In The Family Tabor, I again first saw Harry and Roma’s house in my mind. And then I realized they lived in a desert, and it was Palm Springs. I signed up on various Palm Springs real estate sites so I could troll through the listings and determine whether what I was imagining would exist there.

One of the agents called me, and from then on, she sent me pictures of houses to look at, but by then I had already created the Tabors’ mid-century home, with the desert and the cacti right beyond the back patio.

Setting it in Palm Springs had both a conscious and unconscious significance, which, as I continued to write, I came to understand.

The conscious was my childhood recollections of visiting my maternal grandparents and celebrating Passover with them in Palm Springs.

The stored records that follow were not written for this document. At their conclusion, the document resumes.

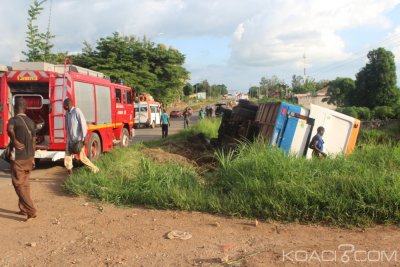 Côte d'Ivoire : En provenance du Burkina, à  Bouaké, un car de transport fini sa course dans un ravin avec ses 90 passagers, des blessés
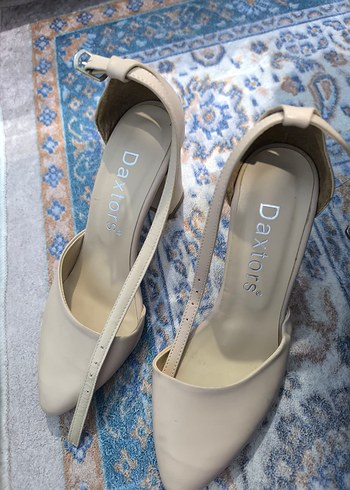 Beyaz Bantlı Blok Topuklu Kadın Ayakkabı - Görsel 2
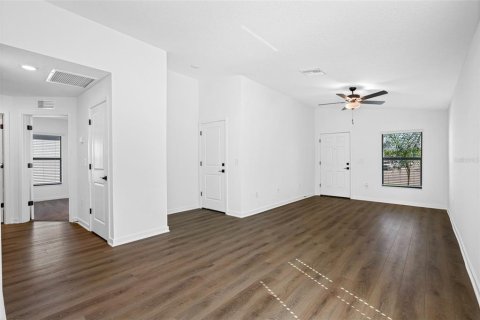 House in Weeki Wachee, Florida 2 bedrooms, 95.88 sq.m. № 2201762 - photo 2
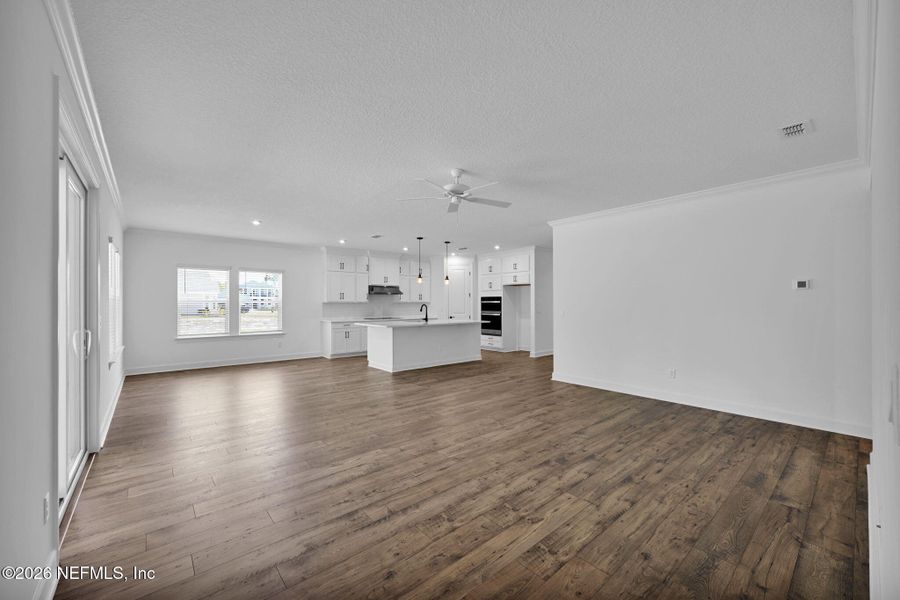 Spacious, unfurnished interior of a new home in Creighton Pointe, Fleming Island (Image 22).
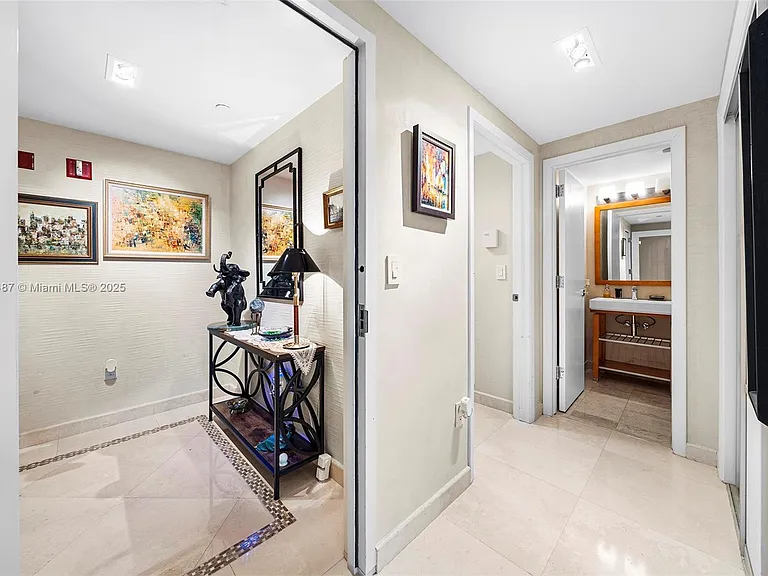1455 Ocean Dr #1003 — Photo 31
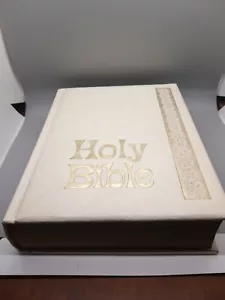 KJV Bibel 1968 cremefarbene gepolsterte Abdeckung Familienreferenz/Roter Brief Edition - Bild 1 von 10
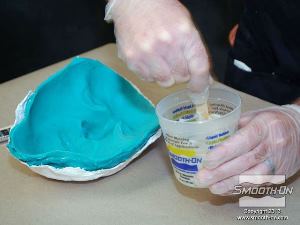 לחיצה להגדלת תמונה מערבבים את הפוליאוריתן  למריחה  Shell Shock  במהירות וביסודיות.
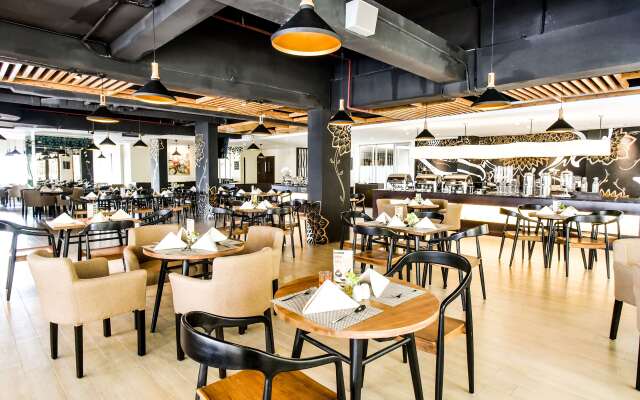 Golden Tulip Essential Tangerang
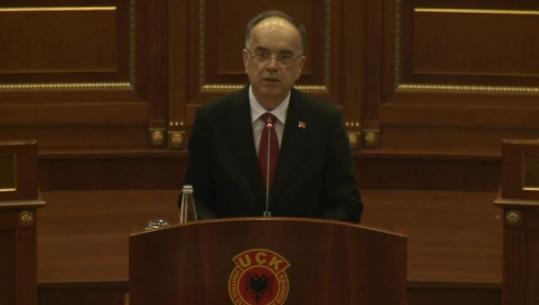 ‘Shqipëria është shtëpia juaj’, Begaj në Kuvendin e Kosovës për 18-vjetorin e Pavarësisë: Liderët e UÇK-së po përballen me akuza të montuara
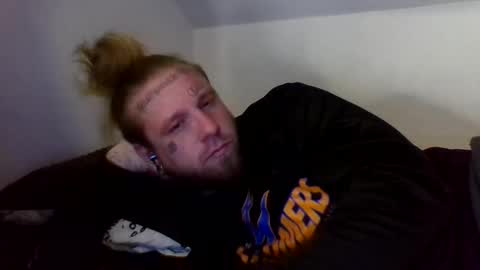 smoke online show from December 2025 03:45:02 AM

Unconsciously, I think Palm Spring represented a certain form of Judaism to me, hewed to by my grandparents who, despite all they suffered, maintained their faith.

And as I wrote, setting it in Palm Springs made even more sense because there are two deserts in the novel, the “newer” one in Palm Springs, and the ancient Negev, in Israel.

Q: Anything else we should know?

A: So many amazing fans of The Resurrection of Joan Ashby have written to tell me which of her excerpted stories they think I should write as novels: "The Last Resort," about a woman in a mental institution; "Bettina’s Children," about a married couple who move to Nigeria; the rare babies; and "The Sympathetic Executioners," about the twin boys who become killers.

Perhaps in the future, I’ll explore those possibilities because they continue to fascinate me. I am working on my third novel now, and the main characters did make their first appearance in Joan Ashby, but none of my books are connected, and these characters have their own journeys in their own new world.